Example ODE 2
Solve the differential equation by Euler in $y(x)$, $a$ and $b$ constant:
$$ x^2 y'' + a x y' + b y = 0 $$
Again, we will abstract as much as possible from the solution $y(x)$ :
$$ \left[ x^2 \left( \frac{d}{dx} \right)^2 + \, a x \, \frac{d}{dx} + b \right]
y(x) = 0 $$
Employ the commutator $ [ d/dx , x ] = 1 $ for changing $ x.d/dx $ into
$ d/dx.x - 1 $ and herewith $ x.(x.d/dx).d/dx $ in $ x.d/dx . x.d/dx - x.d/dx $.
This is necessary for rewriting the O.D.E. a little bit, namely as follows:
$$ \left[ \left(x \frac{d}{dx} \right)^2 + (a - 1) \left(x \frac{d}{dx} \right)
+ b \right] y = 0 $$
Let's try to decompose in factors:
$$ \left(x \frac{d}{dx} \right)^2 + (a - 1) \left(x \frac{d}{dx} \right) + b =
\left( x \frac{d}{dx} - \lambda_1 \right)
\left( x \frac{d}{dx} - \lambda_2 \right) $$
Where $\lambda_1$ and $\lambda_2$ are roots of the characteristic equation:
$$ \lambda^2 + (a-1) \lambda + b = 0 $$
Herewith, the differential equation by Euler can be rewritten as:
$$ \left( x \frac{d}{dx} - \lambda_1 \right)
\left( x \frac{d}{dx} - \lambda_2 \right) y(x) = 0 $$
Or:
$$ x \left( \frac{d}{dx} - \frac{ \lambda_1}{x} \right)
x \left( \frac{d}{dx} - \frac{ \lambda_2}{x} \right) y(x) = 0 $$
We are going to use again the formula, as memorized from the Operator Calculus
(general theory) chapter:
$$ \frac{d}{dx} - \frac{\lambda_{1,2}}{x} =
e^{ - \int - \frac { \lambda_{1,2}}{ x } \, dx} \ \frac{d}{dx}\
e^{ + \int - \frac { \lambda_{1,2}}{ x } \, dx} $$
$$ = e^{\, \lambda_{1,2} log(x) } \ \frac{d}{dx}\ e^{\, - \lambda_{1,2} log(x) }
= x^{ \lambda_{1,2} } \frac{d}{dx}\ x^{ - \lambda_{1,2} } $$
Giving for the O.D.E. in its final form:
$$ x . x^{ \lambda_1 } \frac{d}{dx}\ x^{ - \lambda_1 }
x . x^{ \lambda_2 } \frac{d}{dx}\ x^{ - \lambda_2 } y(x) = 0 $$
Systematic integration is possible now:
$$ x^{-\lambda_1} x.x^{\lambda_2} \frac{d}{dx}\ x^{-\lambda_2} y(x) = C_1 \quad
; \quad x^{-\lambda_2} y(x) = C_1 \int x^{\lambda_1 - \lambda_2 - 1} \, dx $$
As has been said, $\lambda$ can be solved from $\lambda^2+(a-1)\lambda+b=0$,
a quadratic equation with discriminant: $ D=(a-1)^2-4 b $.

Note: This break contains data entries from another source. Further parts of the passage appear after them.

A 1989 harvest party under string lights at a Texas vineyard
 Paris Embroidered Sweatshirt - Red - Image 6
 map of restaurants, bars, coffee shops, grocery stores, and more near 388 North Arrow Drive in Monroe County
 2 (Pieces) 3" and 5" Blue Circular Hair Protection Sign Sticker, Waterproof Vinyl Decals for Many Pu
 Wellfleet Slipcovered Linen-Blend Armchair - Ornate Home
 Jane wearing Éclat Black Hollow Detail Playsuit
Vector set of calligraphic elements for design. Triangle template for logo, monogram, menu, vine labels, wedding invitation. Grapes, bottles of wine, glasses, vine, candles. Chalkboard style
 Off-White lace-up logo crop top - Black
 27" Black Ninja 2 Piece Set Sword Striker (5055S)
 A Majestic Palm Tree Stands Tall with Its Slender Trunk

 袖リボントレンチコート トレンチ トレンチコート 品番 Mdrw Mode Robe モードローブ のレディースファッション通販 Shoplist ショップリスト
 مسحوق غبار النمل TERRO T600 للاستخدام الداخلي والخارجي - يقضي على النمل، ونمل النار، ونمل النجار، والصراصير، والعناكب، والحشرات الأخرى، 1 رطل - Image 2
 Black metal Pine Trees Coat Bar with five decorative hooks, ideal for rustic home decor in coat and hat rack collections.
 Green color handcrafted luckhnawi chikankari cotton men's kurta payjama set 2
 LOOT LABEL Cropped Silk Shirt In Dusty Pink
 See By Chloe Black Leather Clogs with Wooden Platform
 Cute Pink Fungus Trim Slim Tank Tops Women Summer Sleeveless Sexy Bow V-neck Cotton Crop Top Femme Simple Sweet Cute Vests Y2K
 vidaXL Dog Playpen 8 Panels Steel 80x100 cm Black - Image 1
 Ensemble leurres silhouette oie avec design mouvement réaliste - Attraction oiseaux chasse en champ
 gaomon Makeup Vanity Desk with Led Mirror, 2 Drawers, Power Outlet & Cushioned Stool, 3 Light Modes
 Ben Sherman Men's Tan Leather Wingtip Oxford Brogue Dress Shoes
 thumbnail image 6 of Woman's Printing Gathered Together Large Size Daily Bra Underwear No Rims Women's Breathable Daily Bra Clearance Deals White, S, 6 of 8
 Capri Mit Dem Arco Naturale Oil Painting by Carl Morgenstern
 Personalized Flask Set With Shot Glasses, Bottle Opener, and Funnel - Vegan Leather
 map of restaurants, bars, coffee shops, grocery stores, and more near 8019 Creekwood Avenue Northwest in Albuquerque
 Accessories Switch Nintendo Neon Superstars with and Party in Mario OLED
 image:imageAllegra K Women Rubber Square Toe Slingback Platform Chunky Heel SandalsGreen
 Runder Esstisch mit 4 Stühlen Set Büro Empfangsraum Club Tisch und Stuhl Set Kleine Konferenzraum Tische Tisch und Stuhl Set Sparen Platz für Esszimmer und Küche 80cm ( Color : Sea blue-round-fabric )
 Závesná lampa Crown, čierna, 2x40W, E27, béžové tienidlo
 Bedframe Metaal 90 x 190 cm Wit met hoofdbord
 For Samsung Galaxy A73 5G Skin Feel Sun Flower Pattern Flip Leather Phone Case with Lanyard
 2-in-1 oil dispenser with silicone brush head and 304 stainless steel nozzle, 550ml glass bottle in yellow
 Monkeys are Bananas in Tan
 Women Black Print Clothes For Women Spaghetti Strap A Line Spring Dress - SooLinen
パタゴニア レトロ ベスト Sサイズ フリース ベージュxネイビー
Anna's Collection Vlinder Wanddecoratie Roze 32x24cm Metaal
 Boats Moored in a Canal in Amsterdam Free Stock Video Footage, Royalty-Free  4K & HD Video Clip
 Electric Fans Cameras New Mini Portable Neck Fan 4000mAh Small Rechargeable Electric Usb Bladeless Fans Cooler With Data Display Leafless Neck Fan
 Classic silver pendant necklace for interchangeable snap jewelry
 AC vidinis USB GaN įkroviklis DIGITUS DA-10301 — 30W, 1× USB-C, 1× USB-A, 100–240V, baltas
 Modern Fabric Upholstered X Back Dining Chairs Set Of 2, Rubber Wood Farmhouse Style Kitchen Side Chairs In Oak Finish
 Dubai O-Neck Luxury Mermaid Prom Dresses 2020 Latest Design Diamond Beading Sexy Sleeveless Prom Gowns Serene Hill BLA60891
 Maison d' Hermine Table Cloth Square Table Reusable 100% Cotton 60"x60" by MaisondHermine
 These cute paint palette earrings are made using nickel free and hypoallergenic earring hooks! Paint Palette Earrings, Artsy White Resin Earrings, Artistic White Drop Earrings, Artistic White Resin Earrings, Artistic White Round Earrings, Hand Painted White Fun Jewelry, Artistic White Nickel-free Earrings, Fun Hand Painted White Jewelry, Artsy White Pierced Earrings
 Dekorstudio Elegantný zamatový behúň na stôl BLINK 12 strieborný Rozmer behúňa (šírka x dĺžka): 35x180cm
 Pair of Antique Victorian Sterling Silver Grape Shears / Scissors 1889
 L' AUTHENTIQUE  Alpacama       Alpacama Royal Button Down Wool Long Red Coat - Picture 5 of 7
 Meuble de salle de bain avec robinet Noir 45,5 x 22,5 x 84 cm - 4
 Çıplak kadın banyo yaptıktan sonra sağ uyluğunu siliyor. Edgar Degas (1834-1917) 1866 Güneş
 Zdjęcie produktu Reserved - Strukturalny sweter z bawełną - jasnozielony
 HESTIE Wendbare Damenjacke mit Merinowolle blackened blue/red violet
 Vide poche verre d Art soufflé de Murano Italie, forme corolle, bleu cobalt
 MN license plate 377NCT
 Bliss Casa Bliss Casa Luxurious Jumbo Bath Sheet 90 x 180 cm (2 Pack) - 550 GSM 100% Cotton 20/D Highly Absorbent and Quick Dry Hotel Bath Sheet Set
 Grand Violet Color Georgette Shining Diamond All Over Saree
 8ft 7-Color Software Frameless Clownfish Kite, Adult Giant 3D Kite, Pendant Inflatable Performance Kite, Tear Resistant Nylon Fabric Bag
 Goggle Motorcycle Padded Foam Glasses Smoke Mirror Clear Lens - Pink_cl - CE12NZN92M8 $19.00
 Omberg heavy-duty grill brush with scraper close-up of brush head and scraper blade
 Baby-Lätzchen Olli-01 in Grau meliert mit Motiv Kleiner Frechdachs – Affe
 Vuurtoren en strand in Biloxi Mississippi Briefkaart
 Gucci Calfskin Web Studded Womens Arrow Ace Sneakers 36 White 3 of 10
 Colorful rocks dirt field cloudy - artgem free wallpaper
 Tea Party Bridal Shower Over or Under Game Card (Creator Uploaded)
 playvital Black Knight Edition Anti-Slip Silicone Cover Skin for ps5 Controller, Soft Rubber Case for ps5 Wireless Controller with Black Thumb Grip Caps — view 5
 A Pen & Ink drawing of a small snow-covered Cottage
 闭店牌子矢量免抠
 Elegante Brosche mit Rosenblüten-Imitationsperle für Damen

Two different cases are distinguished.
a) $ \lambda_1 \neq \lambda_2 $:
$$ \int x^{\lambda_1 - \lambda_2 - 1} \, dx =
\frac{ x^{ \lambda_1 - \lambda_2} }{ \lambda_1 - \lambda_2 } + C_2 $$
Giving as a solution:
$$ y(x) = C_1 x^{\lambda_1} + C_2 x^{\lambda_2} \qquad
C_1,C_2 \mbox{ arbitrary} $$
b) $ \lambda_1 = \lambda_2 $ :
$$ \int x^{-1} \, dx = log(x) $$
Giving as a solution:
$$ y(x) = x^\lambda [ C_1.log(x) + C_2 ] \qquad C_1,C_2 \mbox{ arbitrary} $$
Again, it is not necessary to make special assumptions about the shape of the
solution. The result is obtained in a completely natural way, for the general
as well as for the special case.